Kashmiri tomato chutney is flavoursome with a hint of spices. It is ideal to pair with chapati, idli, dosa or even paratha.
Course Breakfast, lunch ideas
Cuisine Indian, Kashmiri
Keyword chutney variety, how to make kashmiri tomato chutney, kashmiri chutney
Prep Time 10 minutes
Cook Time 10 minutes
Total Time 20 minutes
Author Jayashree

Ingredients

  • 2 clove
  • 1 cardamom
  • 1 teaspoon fennel
  • 1 inch cinnamon
  • 2 teaspoon oil
  • 1/2 teaspoon mustard
  • 1 teaspoon cumin
  • 1/4 teaspoon turmeric powder
  • a few curry leaves
  • 3 green chilli
  • 1 onion
  • 8 to mato
  • salt
  • chilli powder

Instructions

  • Cut the onion and tomato into small pieces.
  • Dry roast cinnamon, cardamom, clove and fennel on a low flame until you get a good aroma.

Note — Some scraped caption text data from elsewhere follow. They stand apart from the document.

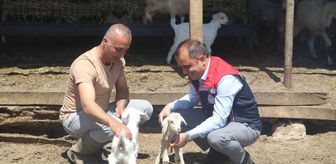 Edirne Tarım ve Orman Müdürü Köse'den saha incelemeleri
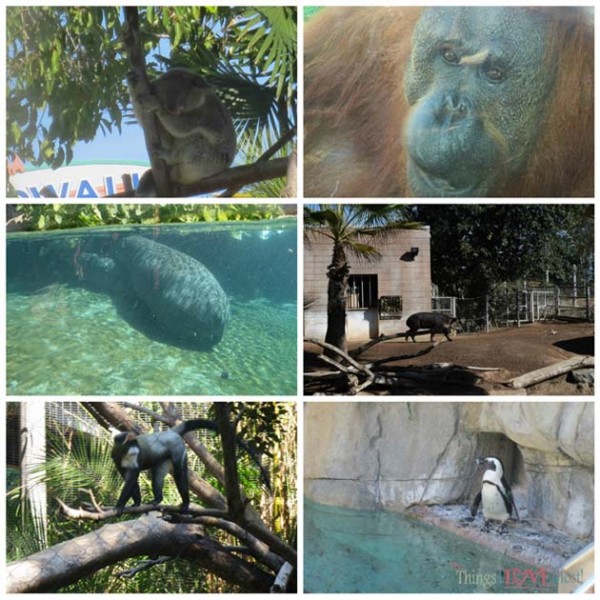 San Diego Zoo - Kid Free October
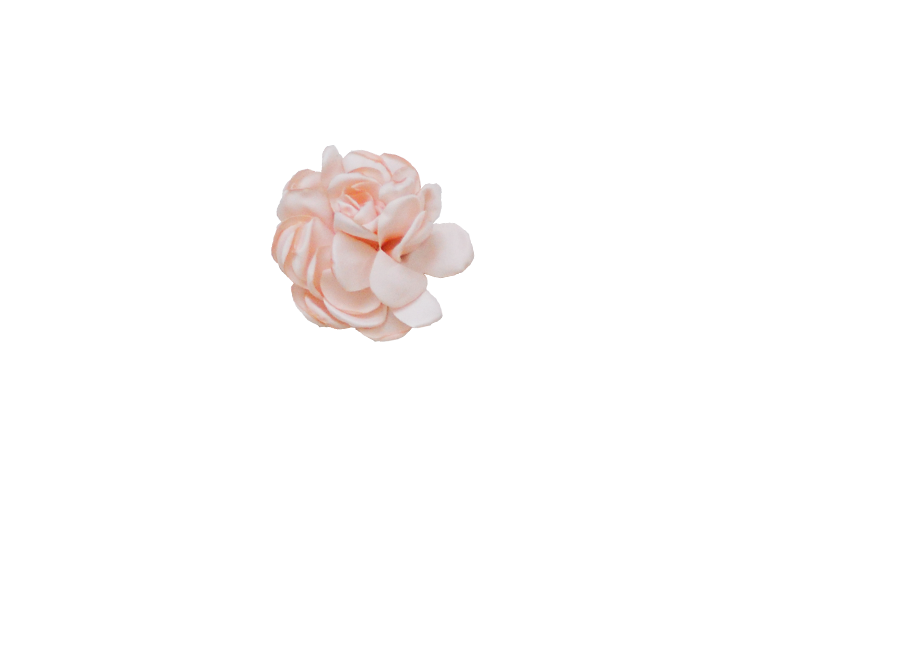 Fleur rose poudrée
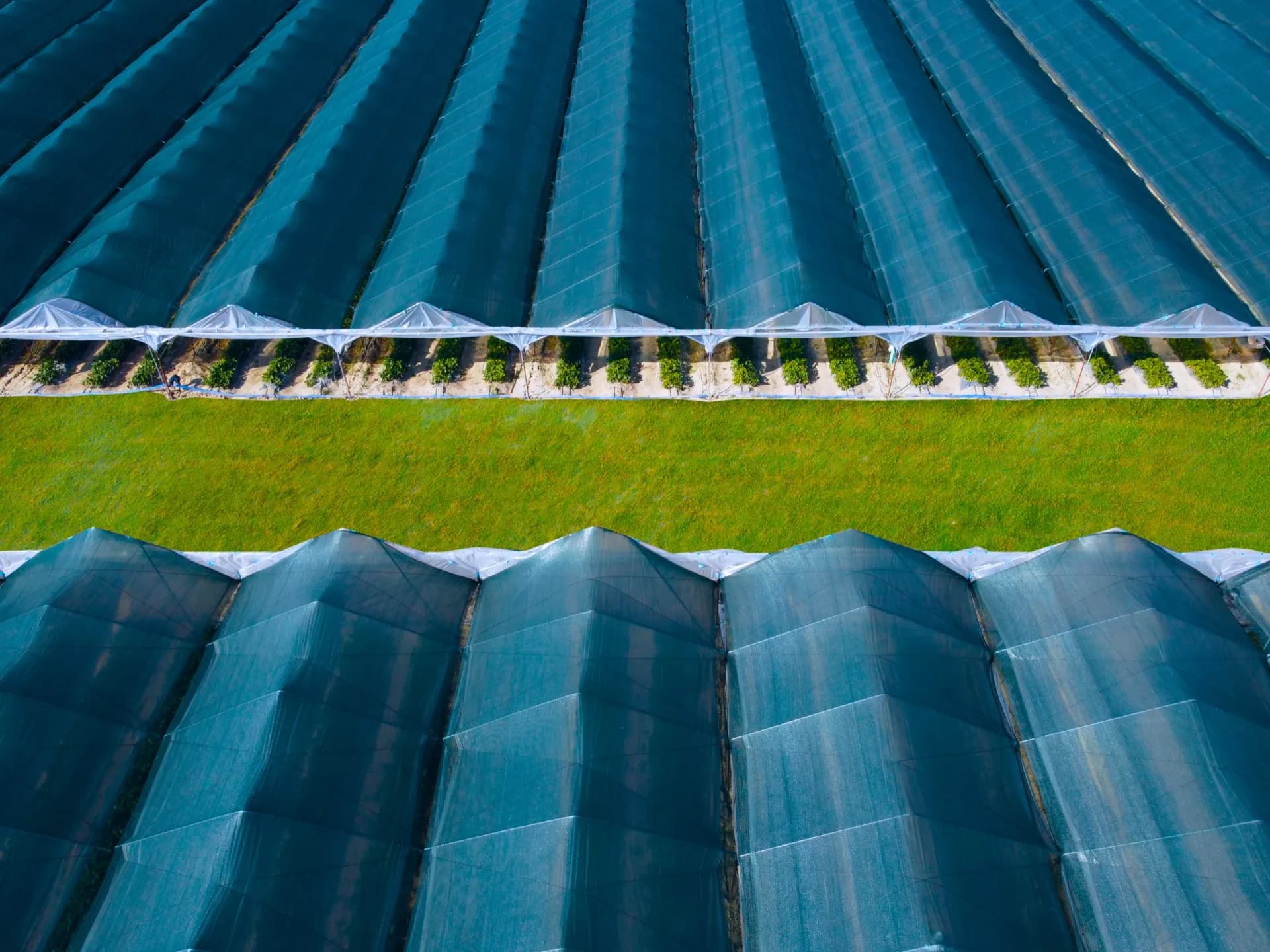 Malla de sombreo HDPE instalada en campo agrícola — fabricante Textil Villa de Pego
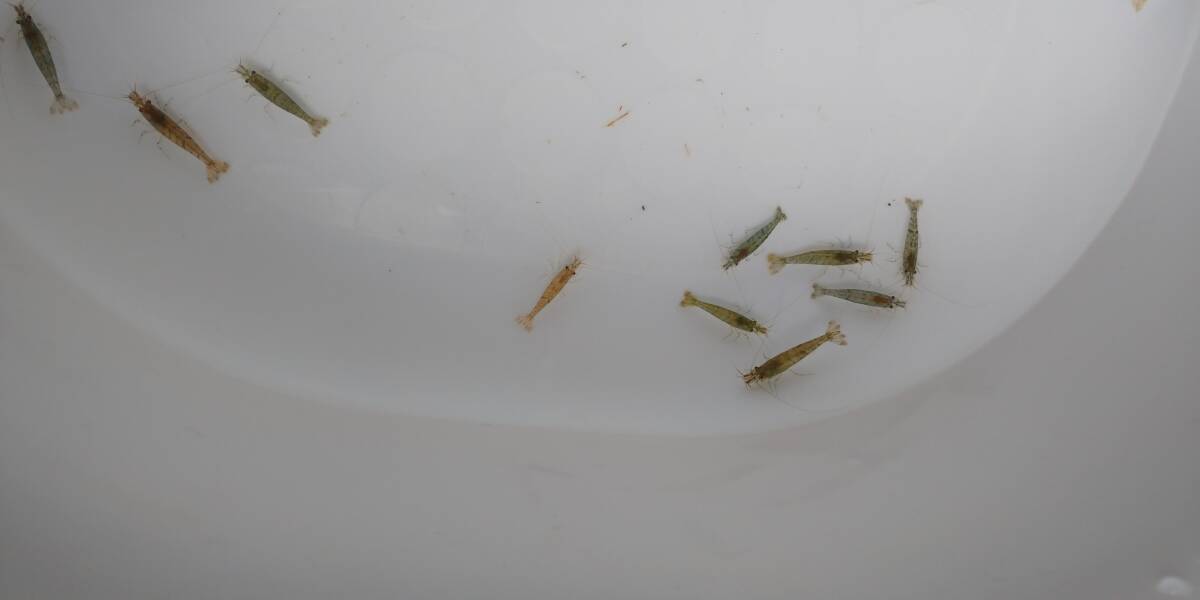 「p_mint」●送料無料●翌日着 突然変異個体天然ミナミヌマエビ 50匹+α (ポスト投函着)死着保証無し。●即決●b拍卖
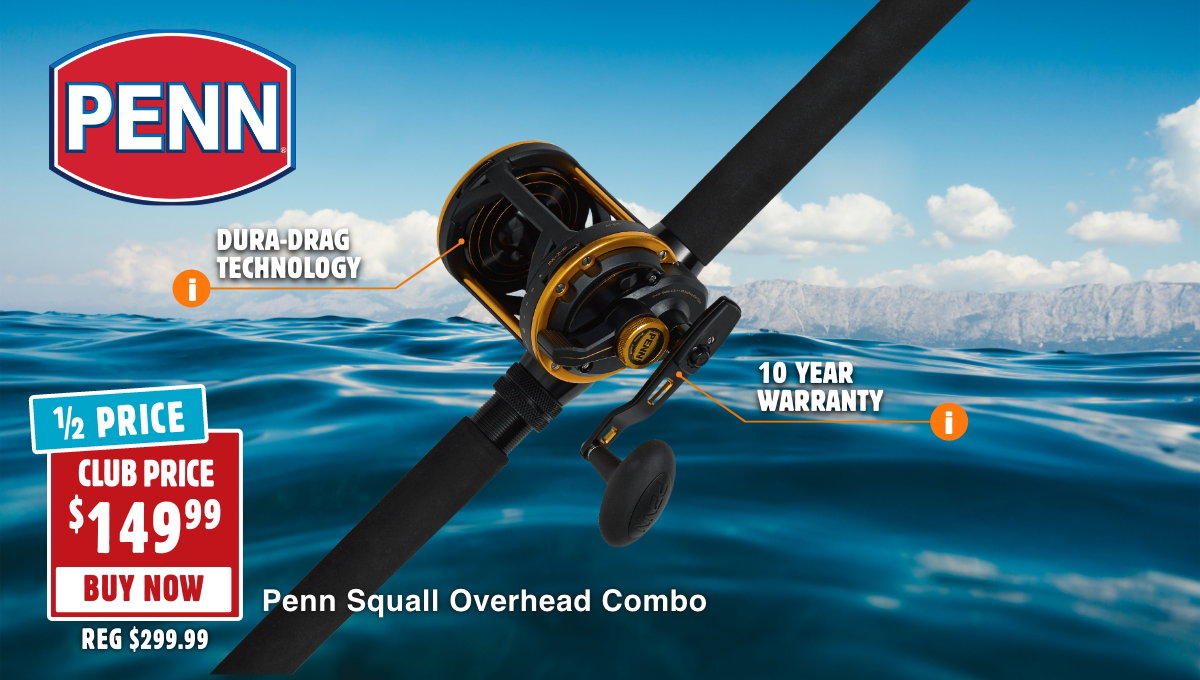 Penn Squall Overhead Combo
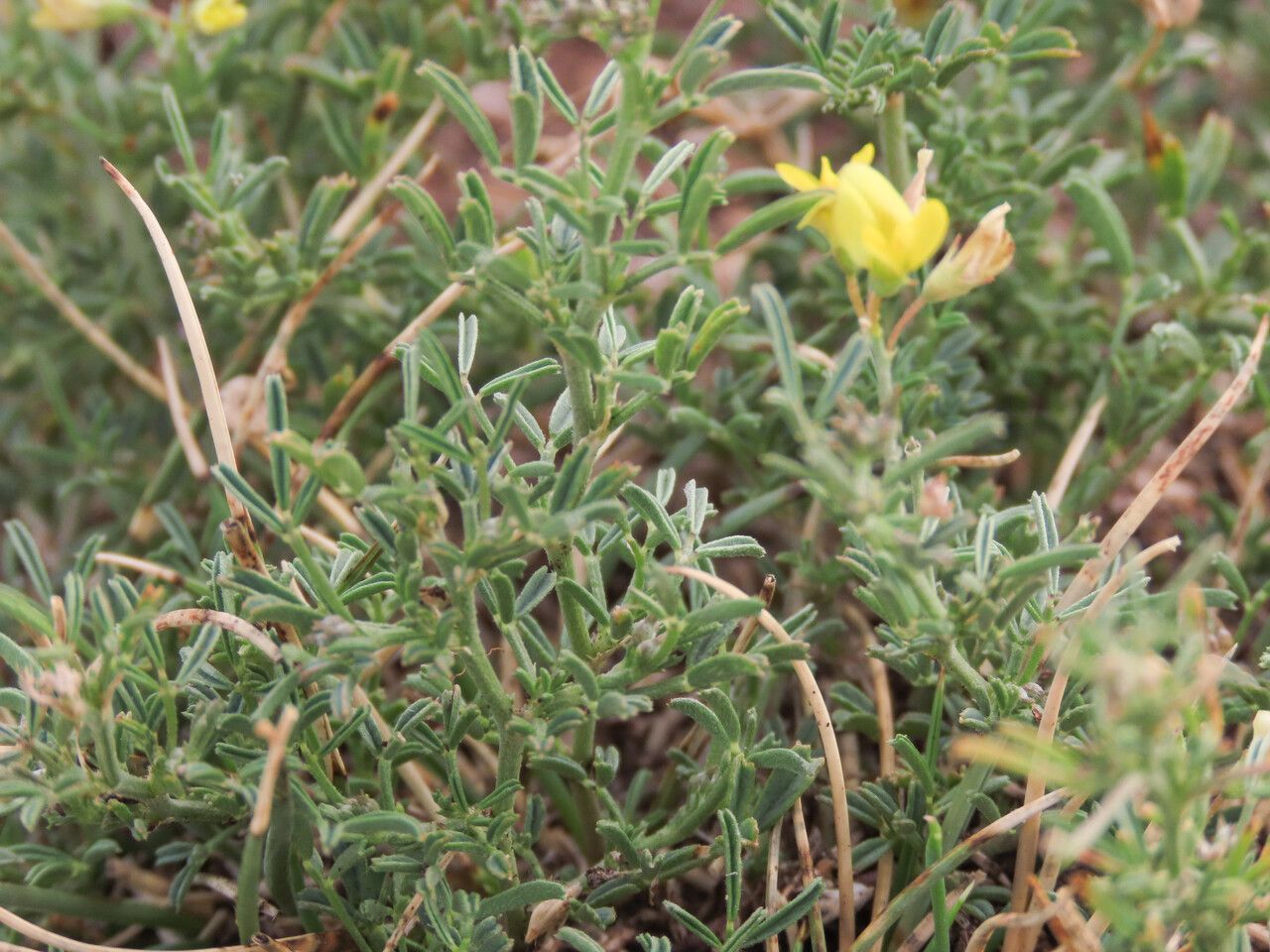 Medicago prostata — houseplant care guide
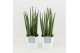 Sansevieria cylindrica in liv keramiek 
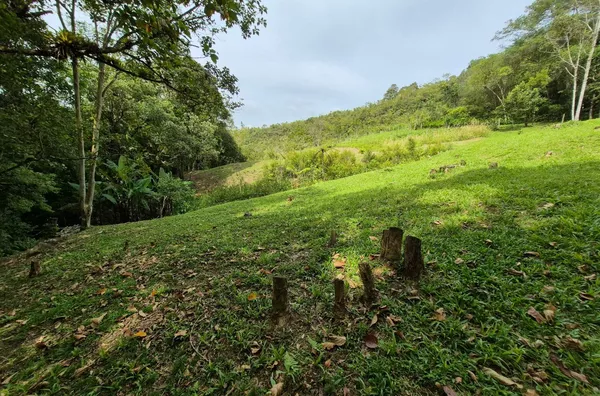 Sítio em São Pedro De Alcântara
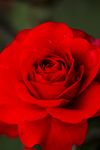 薔薇玫瑰花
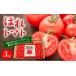 fu.... налог овощи вид помидор Gifu префектура .. город высота сахар раз [.. помидор ]3kg первоклассный мини помидоры сахар раз 10 раз и больше | помидор ... мини помидоры фрукты помидор овощи ......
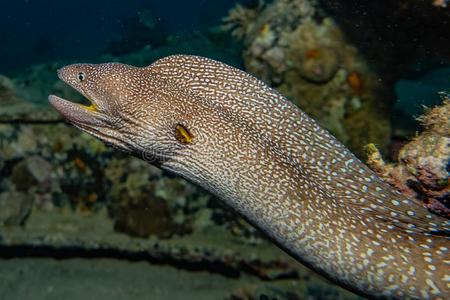 云豹的海鳝图片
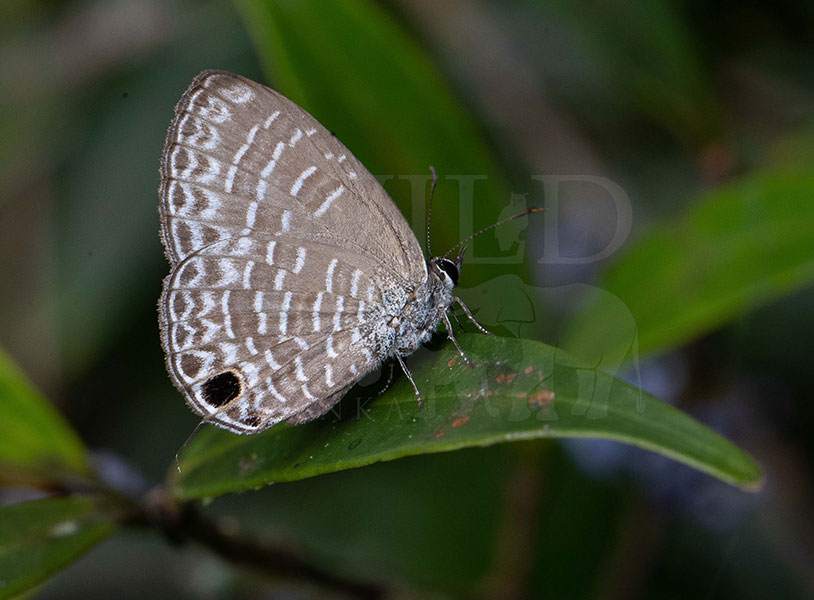 Sri Lankan Woodhouse's Four Lineblue (Nacaduba ollyetti)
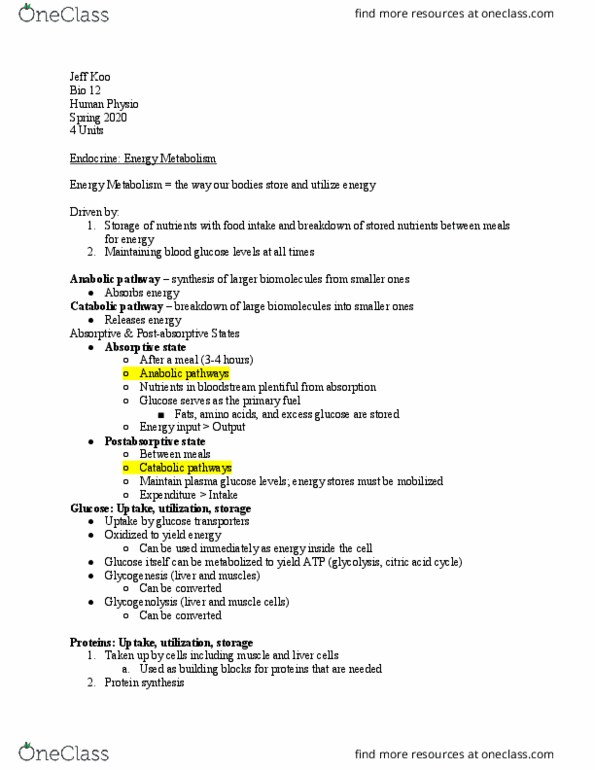 BIO 12 Lecture 31: Bio_12_-_Human_Physio_-_31 thumbnail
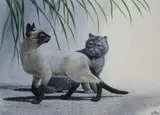 Don Balke, Siamese and Exotic Shorthair Cats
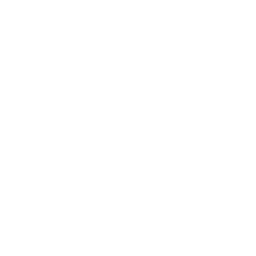 Ride's here! — Common Emote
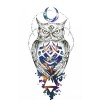 Tatouage temporaire hibou AL033 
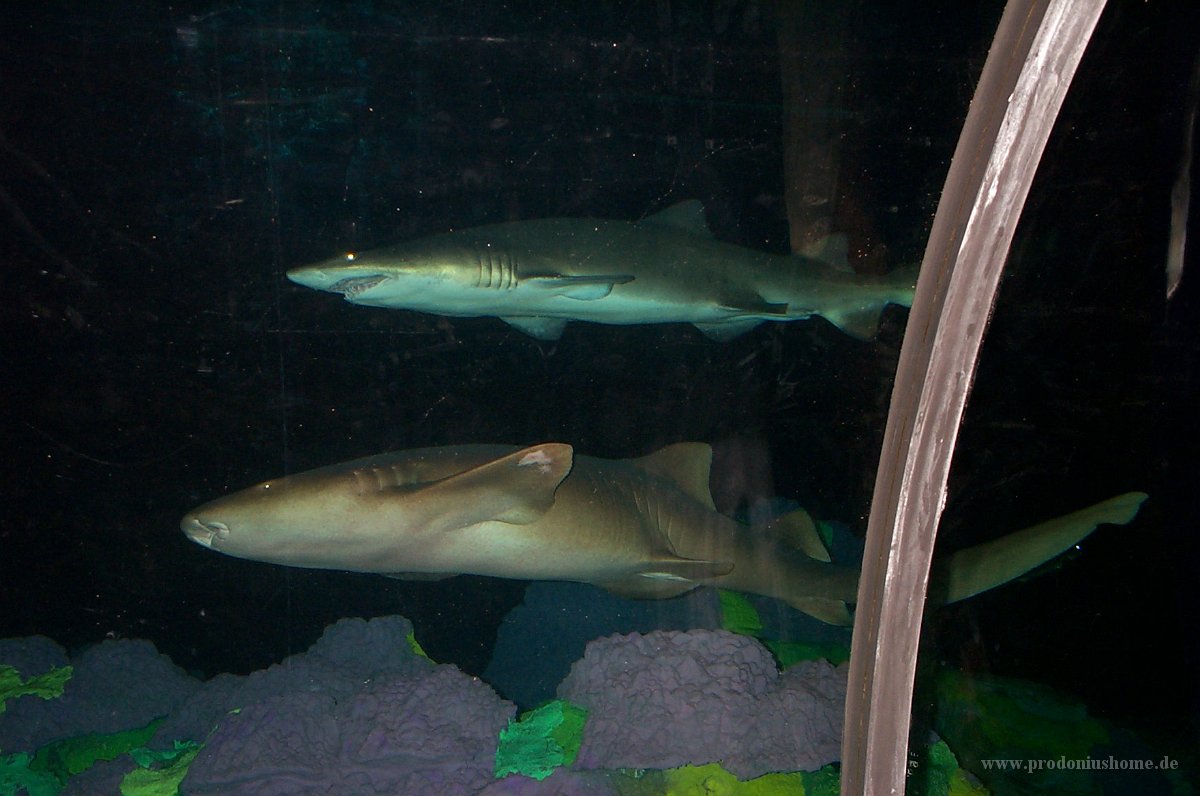 666 - Seaworld - Terrors of the Deep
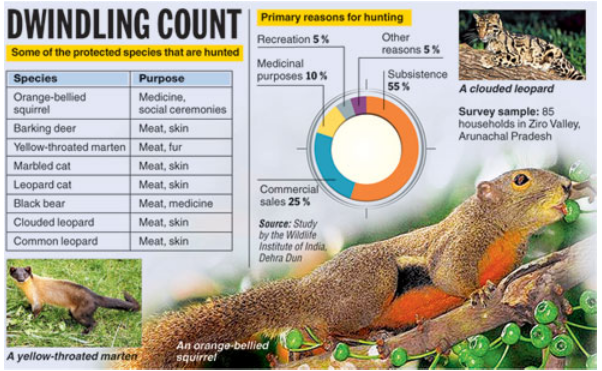 Poaching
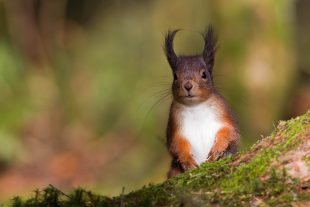 Red Squirrel | Argyll Cruising | Wildlife Cruise | Scotland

Keep them aside, grind to a powder when cool.
  • Take oil in a pan, add mustard seed, once it splutter throw in cumin, turmeric powder and the curry leaves. Put the chilli pieces, saute and add the onion.
  • Once it is golden in colour, put the ground spice powder. Add chilli powder, mix and now put the tomatoes. Put salt and allow to cook. Let it be mushy.
  • Spicy tomato chutney is ready. One can grind it if needed.